G7 countries – the US, UK, Japan, Italy, Germany, France and Canada – agree that Central Bank Digital Currencies (CBDCs) have several benefits to offer. However, they have one preliminary condition for the blockchain-based currency to meet. That is to ‘do no harm’ to central banks and the existing monetary system.

The statement also added that the implementation of CBDCs should not hamper central banks’ ability to maintain monetary and financial stability. However, the said statement is considered very vague by most economic analysts.

Global central banks have stepped up efforts to develop their own digital currencies to modernize financial systems and speed up domestic and international payments.

“No G7 authority has yet taken the sovereign decision to issue a CBDC and careful consideration of the potential policy implications will continue.”

G7

The issuance of CBDC would easily complement cash – acting like a liquid, safe and secure settlement asset and a legal tender. Also as an anchor for the payments system. Plus, the basis of its very existence should have its roots in transparency.

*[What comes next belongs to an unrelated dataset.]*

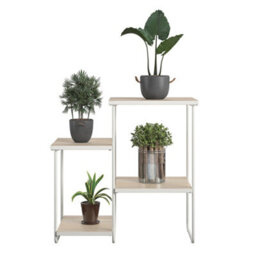 Dorel Home Dante Plant Stand With Shelves Natural - thumbnail 8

G7 feels the need for a set of international standards

While individual countries are working to regulate cryptocurrencies, having an international infrastructure in place is essential without surely violating the decentralizing principle of the said currencies. This is because of the nature of the digital asset, it’s global.

According to G7, all member nations have a shared responsibility to minimise harmful spillovers to the international monetary and financial system.

Echoing a similar statement made by the much larger G20, they reiterated that no global stablecoin project should begin operation until it addresses legal, regulatory and oversight requirements. This is supposed to be following red flags being raised about Facebook’s planned Diem cryptocurrency.

The US is still in a decisive seat about CBDC, and the Federal Reserve remains highly sceptical about digital dollars. Whereas China is already way ahead of the pack with its digital Yuan, its latest crackdown on crypto is likely to be part of its grand plans to further promote and control central bank monetary flows.